How We Did It: The Development of Trendrr v3′s Sentiment Analysis Engine
A feature we’re excited about for Trendrr v3 is a revamped sentiment analysis engine which processes the Twitter conversation. Sentiment analysis determines automatically whether a tweet expresses a positive, negative or neutral sentiment towards a brand or product. We are able to automatically determine the relative frequencies of positive, negative and neutral sentiment with accuracy greater than 90th percentile.
Our engineering team referred to Go, Bhayani, and Huang’s “Twitter Sentiment Classification using Distant Supervision” in developing our approach. Machine learning algorithms to handle this type of problem follow a basic pattern: collect some pre-categorized data (training data), and use its features to define the parameters of the model. The model takes unknown data as an input, parses the data for the same features found in the training data, and outputs its most likely category. The model’s parameters determine what this prediction will be. The more training data obtained, the more accurate the model.
Similar to the methods of Go, Bhayani and Huang, we used the presence of single words or pairs of words (e.g. whether a tweet contains the word “bad” or the phrase “not bad”) as our features, and built our model with the Maximum Entropy algorithm. The Maximum Entropy algorithm attempts to classify data by making as few assumptions as possible while respecting the observations from the training data. We gathered training data by collecting tweets containing emoticons, allowing us to obtain a large set of training data without taxing human processing. This training data is particularly useful because it is drawn from actual Twitter posts, which employ a somewhat unique vocabulary.

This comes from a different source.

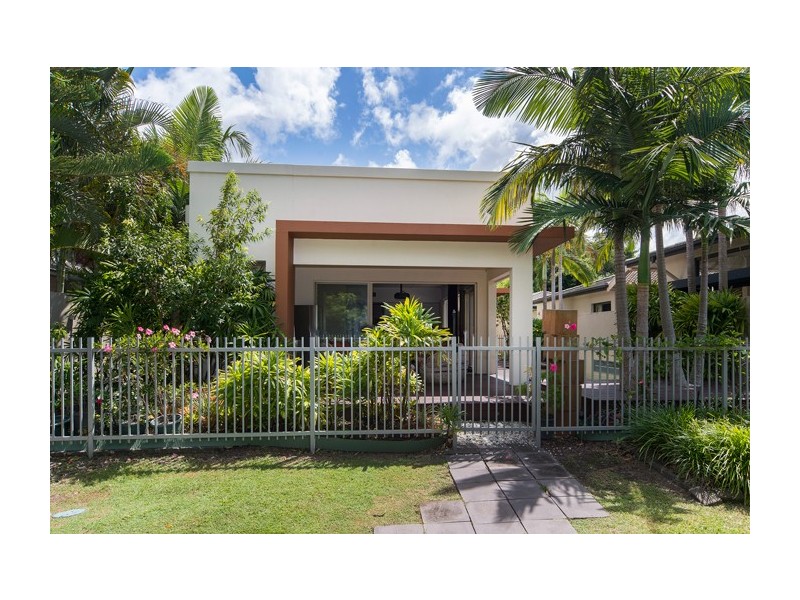 6016 Calardo Avenue, Hope Island QLD 4212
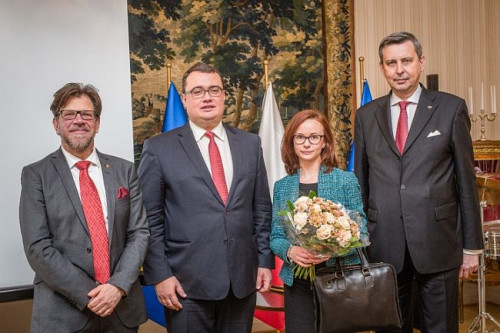 Gospodarz uroczystości podkreślił, że oba nagrodzone przedsiębiorstwa cechuje nowoczesność i innowacyjność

All of this training data, however, is taken from texts that contain opinion. To accurately identify neutral tweets we had to augment our training data, as our models were operating without ever having seen a tweet that did not express any sentiment. As such, we decided to use a technique used in sentiment classification for movie reviews called the “Hierarchical Classifier.” The classifier first determines whether a tweet is objective or subjective, and then categorizes only those tweets that express an opinion.
We made other adjustments to fine-tune our models for use with Twitter, such as accounting for URLs and usernames. We standardized all URLs and usernames (i.e. replaced them with the words URL or USERNAME) so that they would be recognized as recurring features. We also removed retweets from the training data, as these duplicates would introduce some bias.
We also added the ability to restrict our training data by language. One word may have an opposite meaning in a different language, potentially reducing the accuracy of our model. Twitter provides language metadata on its tweets, but we found it to be inaccurate. Instead, we employed another language classification technique that uses character frequency to determine the most likely language. This approach is ideal for our purposes because its accuracy is not compromised by short-form text like tweets. After making adjustments to account for Twitter-specific idioms, we were able to verify that this language classifier met our expectations.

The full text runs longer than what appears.